Des évolutions des modèles agricoles attendues chez les ONG
En ce qui concerne France nature environnement, le constat est plus mesuré. L’ONG salue, elle aussi, par voie de communiqué, la tonalité des annonces : « le chef de l’État a (enfin) parlé de sobriété ». Elle se félicite aussi « de la reconnaissance par le chef de l’État de la nécessité de « réinventer les modèles agricoles », et appelle le président à s’y engager dans la future loi d’avenir agricole. L’ONG s’étonne cependant de la revue à la baisse des objectifs des Assises de l’eau, à savoir le décalage de 2025 à 2030 des économies d’eau de l’ordre de 10 % à réaliser. « La France subit déjà à minima une baisse de 14 % de ses ressources en eau douce renouvelable depuis le début du siècle et presque rien n’a été fait pour s’y adapter, rappelle Arnaud Schwartz, président de France Nature Environnement. Reculer les échéances va inévitablement continuer à peser sur les écosystèmes. »

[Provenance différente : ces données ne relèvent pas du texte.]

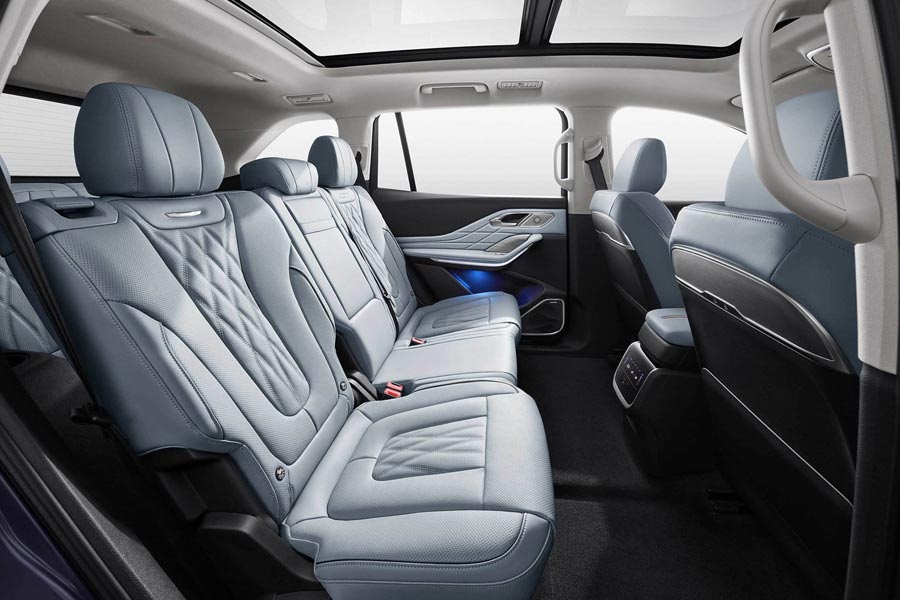   Hongqi HS7.  Hongqi HS7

Le discours est beaucoup plus direct du côté de la Confédération paysanne, qui regrette pour sa part un plan « à contre-courant des urgences ». Selon le syndicat, « derrière des termes et des éléments de langage sur la »sobriété« , les propositions de ce plan ne changeront pas grand-chose face aux grands enjeux de la protection de la ressource en eau ». Il demande ainsi l’arrêt des projets de méga bassines.